[Problem requirements]
Down to the last line of the listing, starting at the one with "He is Risen", retype each line exactly. Do not copy the pictures.

[Given data]
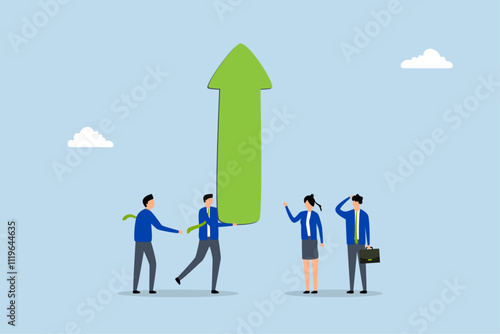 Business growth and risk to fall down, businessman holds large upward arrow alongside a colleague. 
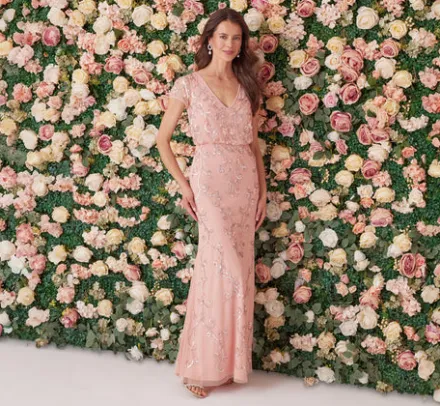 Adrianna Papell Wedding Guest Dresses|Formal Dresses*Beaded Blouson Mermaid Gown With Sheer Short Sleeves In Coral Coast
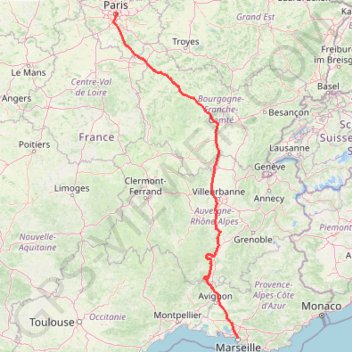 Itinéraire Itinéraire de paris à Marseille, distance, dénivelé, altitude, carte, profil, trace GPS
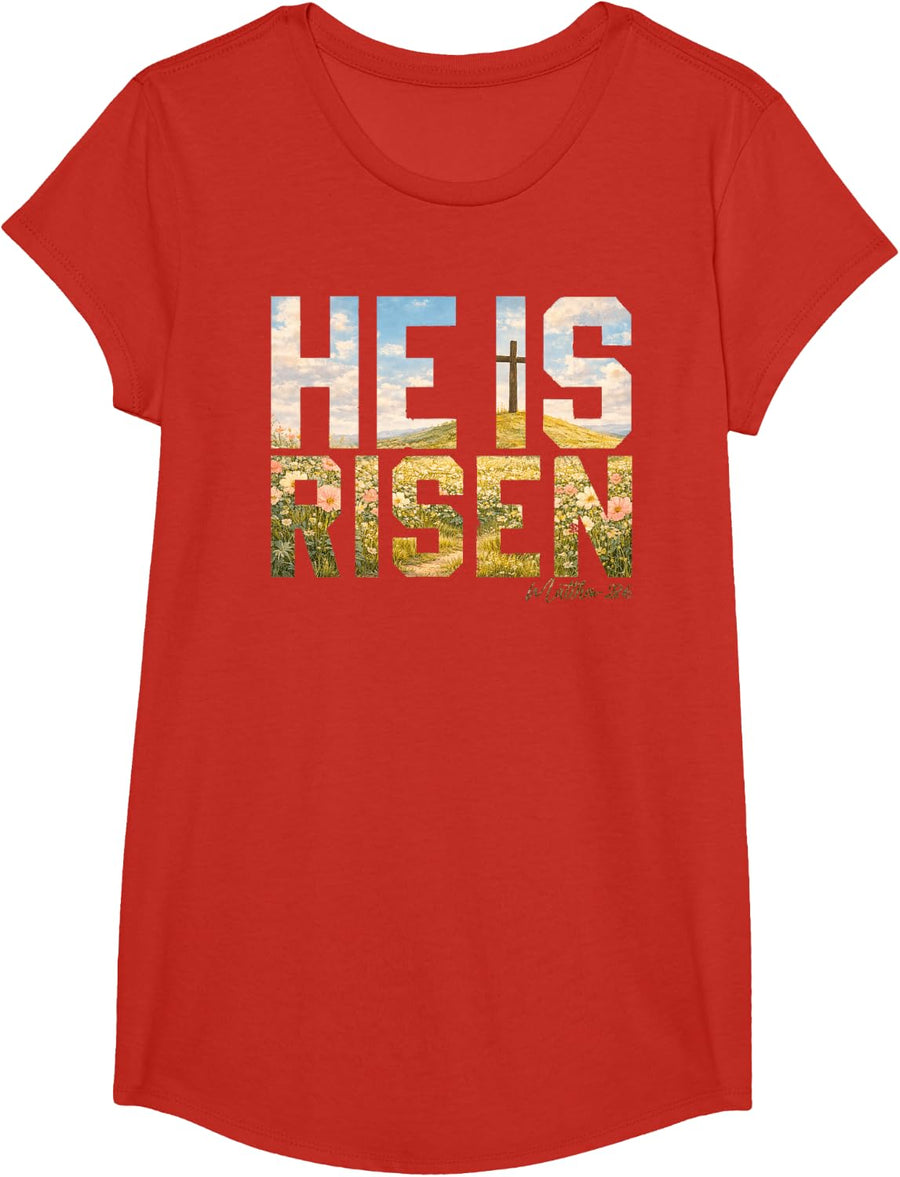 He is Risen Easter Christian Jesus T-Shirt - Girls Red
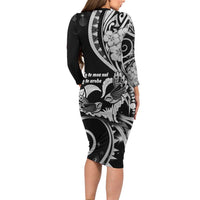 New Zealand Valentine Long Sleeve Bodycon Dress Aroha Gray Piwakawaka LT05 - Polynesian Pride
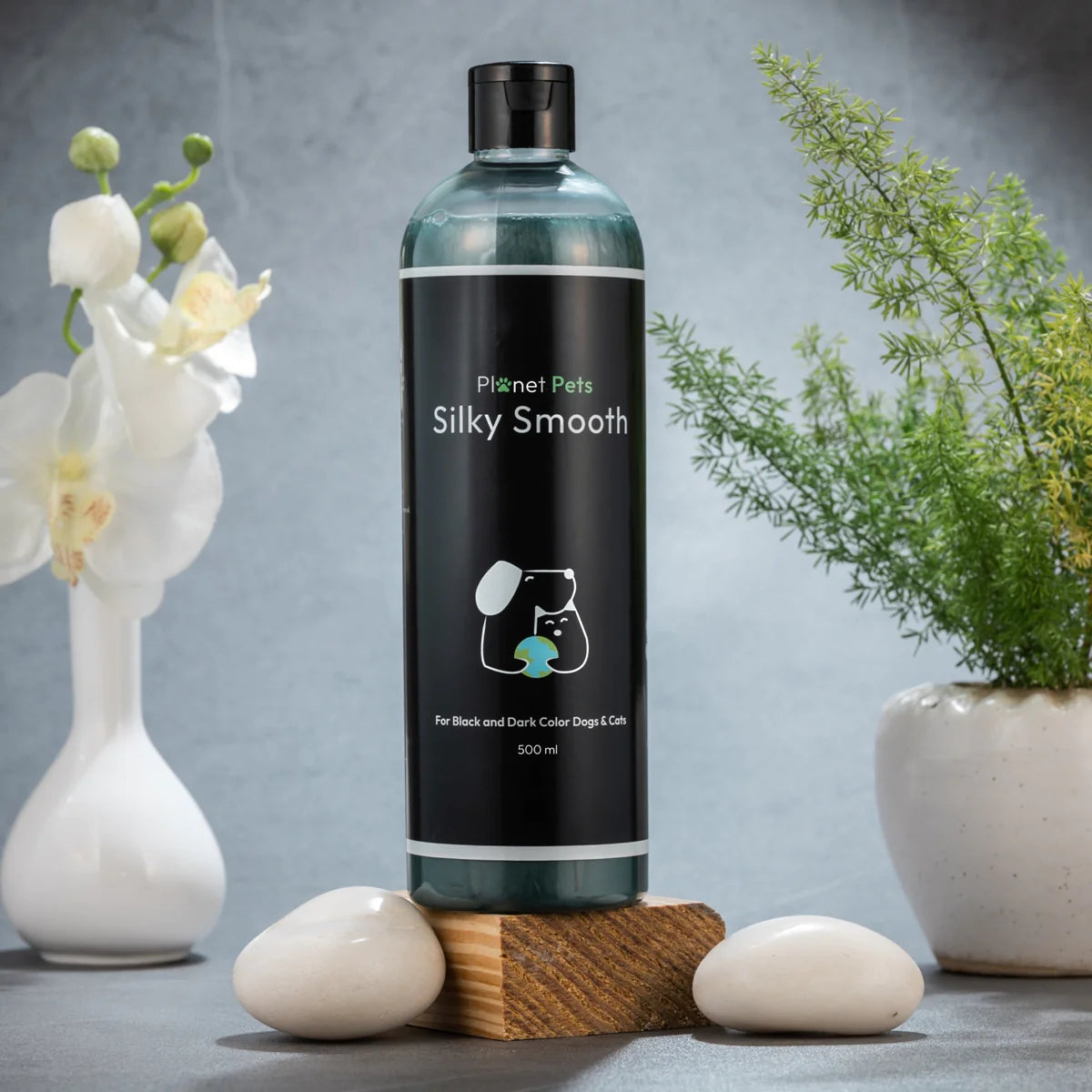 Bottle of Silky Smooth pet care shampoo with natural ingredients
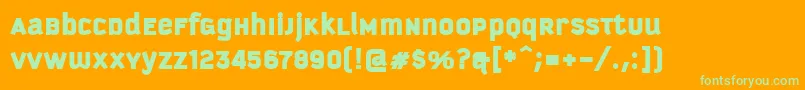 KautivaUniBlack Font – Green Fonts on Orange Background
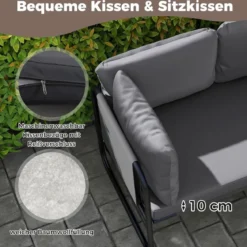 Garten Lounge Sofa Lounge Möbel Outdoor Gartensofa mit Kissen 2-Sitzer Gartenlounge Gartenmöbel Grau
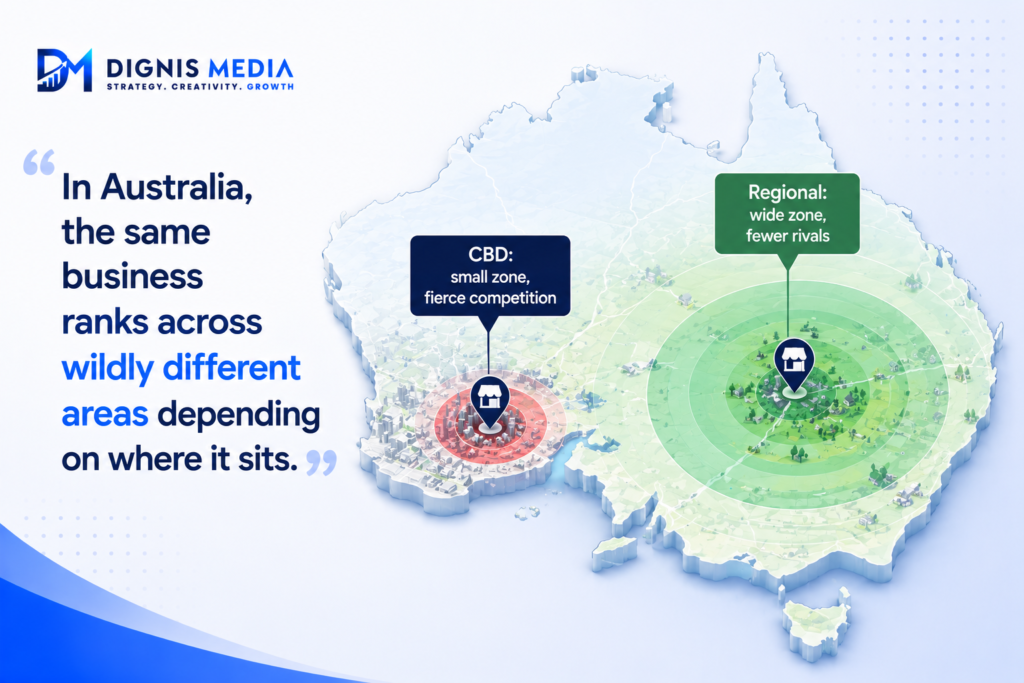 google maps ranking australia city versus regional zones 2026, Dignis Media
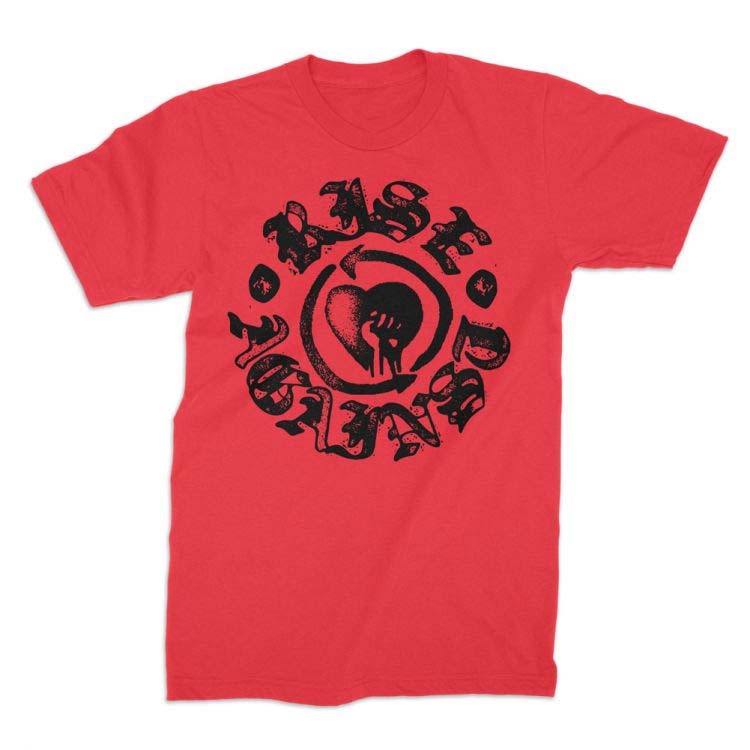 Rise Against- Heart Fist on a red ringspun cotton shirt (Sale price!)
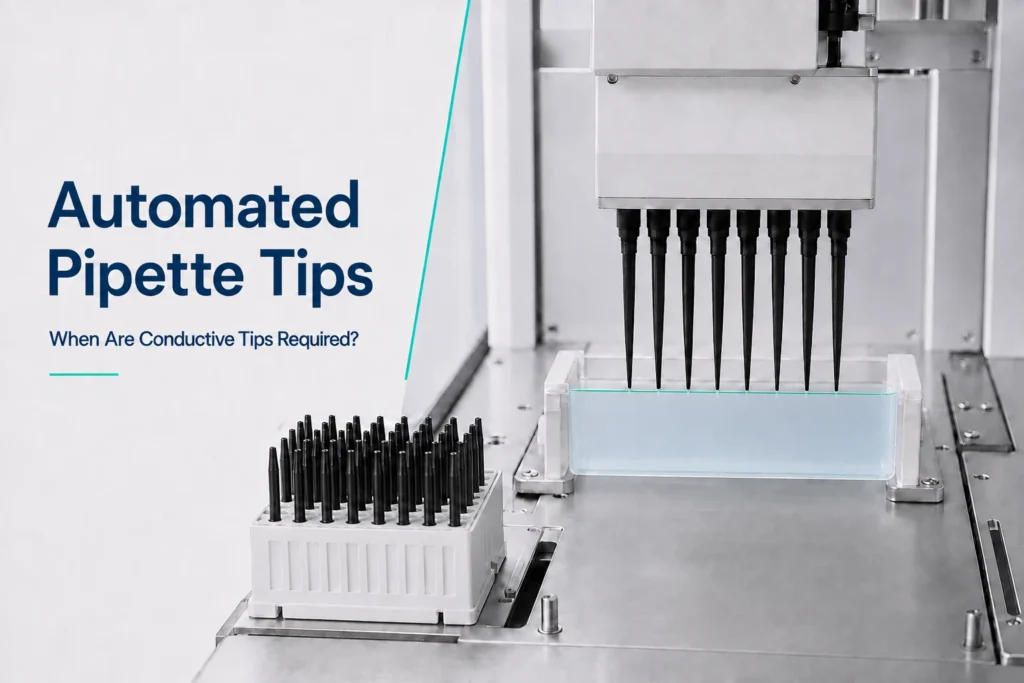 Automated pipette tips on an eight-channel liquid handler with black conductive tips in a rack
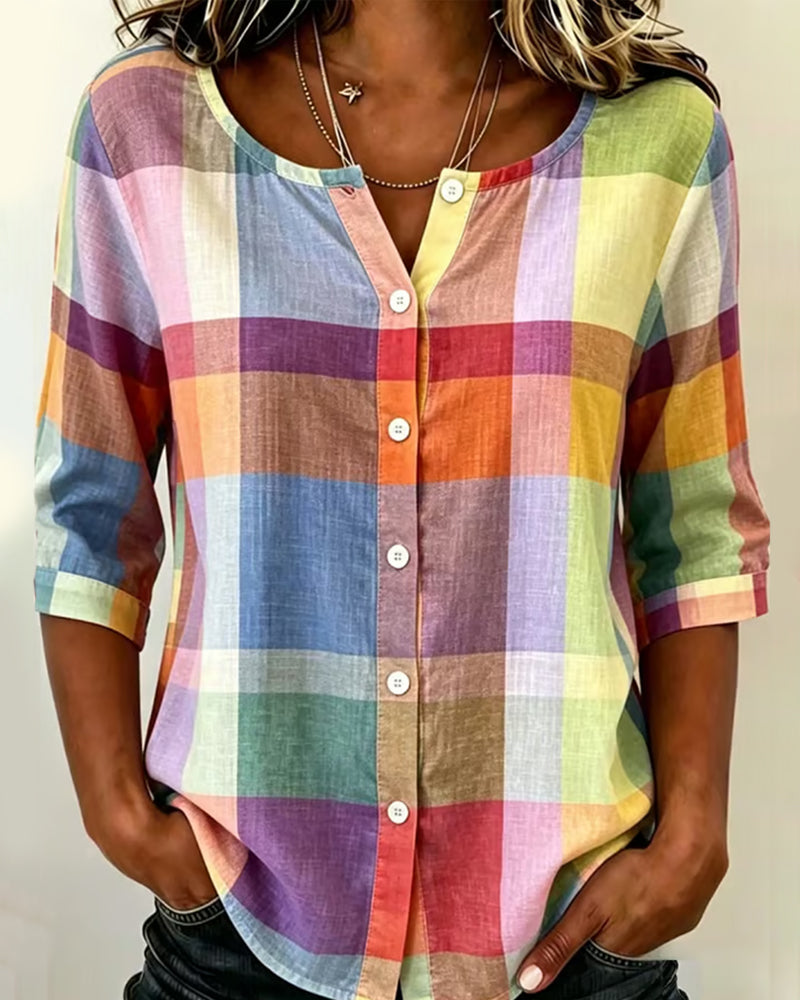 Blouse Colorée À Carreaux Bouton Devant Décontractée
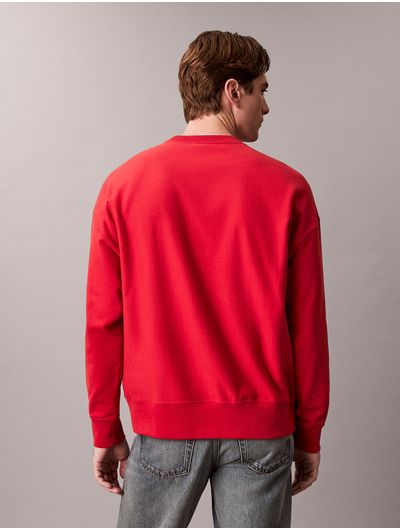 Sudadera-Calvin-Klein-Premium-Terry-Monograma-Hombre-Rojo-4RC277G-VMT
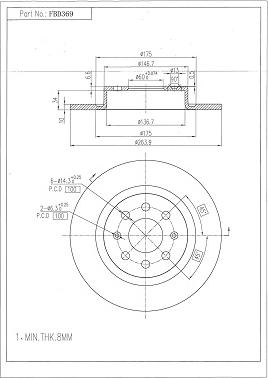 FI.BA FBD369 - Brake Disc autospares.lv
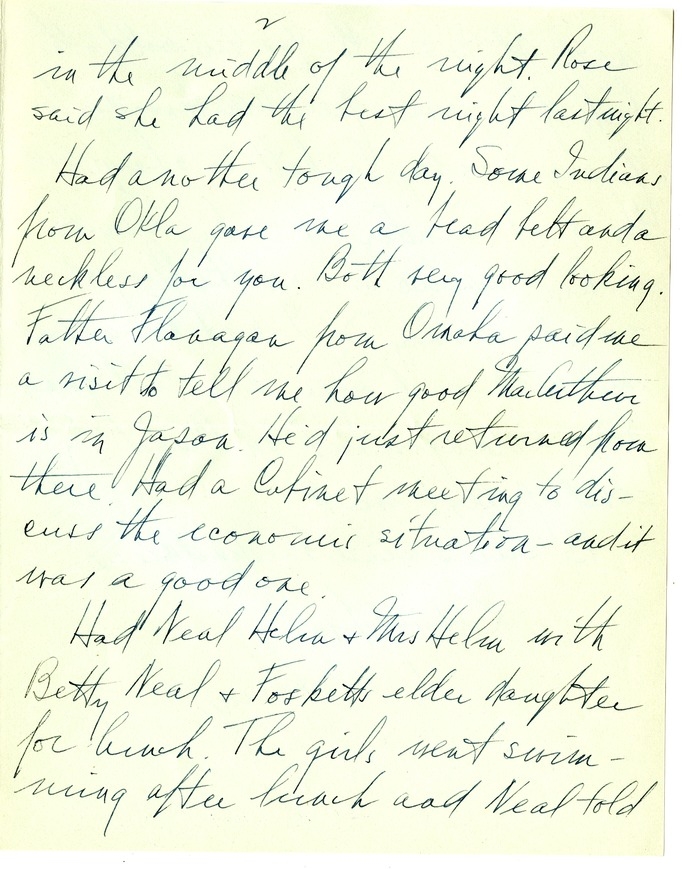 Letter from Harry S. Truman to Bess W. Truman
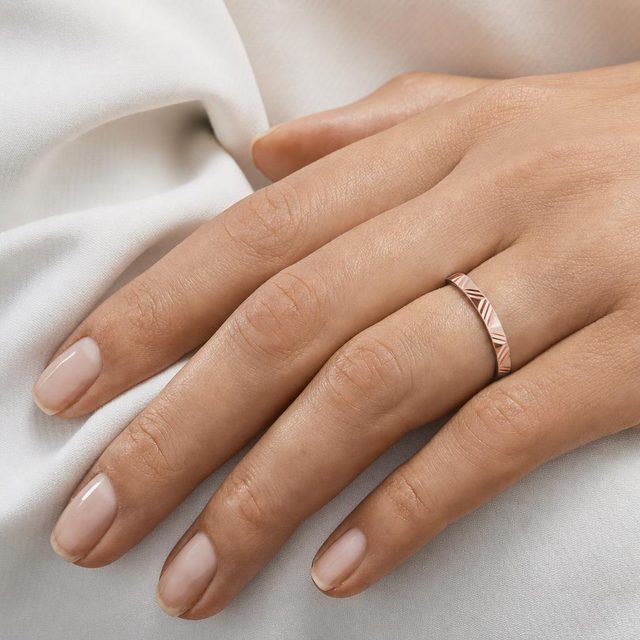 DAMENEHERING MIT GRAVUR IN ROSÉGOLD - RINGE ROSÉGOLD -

[Your solution]
 He is Risen Easter Christian Jesus T-Shirt - Girls Red
 New Zealand Valentine Long Sleeve Bodycon Dress Aroha Gray Piwakawaka LT05 - Polynesian Pride
 Bottle of Silky Smooth pet care shampoo with natural ingredients
 KautivaUniBlack Font – Green Fonts on Orange Background
 Garten Lounge Sofa Lounge Möbel Outdoor Gartensofa mit Kissen 2-Sitzer Gartenlounge Gartenmöbel Grau
 google maps ranking australia city versus regional zones 2026, Dignis Media
 Rise Against- Heart Fist on a red ringspun cotton shirt (Sale price!)
 Automated pipette tips on an eight-channel liquid handler with black conductive tips in a rack
 Blouse Colorée À Carreaux Bouton Devant Décontractée
 Sudadera-Calvin-Klein-Premium-Terry-Monograma-Hombre-Rojo-4RC277G-VMT
 FI.BA FBD369 - Brake Disc autospares.lv
 Letter from Harry S. Truman to Bess W. Truman
 DAMENEHERING MIT GRAVUR IN ROSÉGOLD - RINGE ROSÉGOLD -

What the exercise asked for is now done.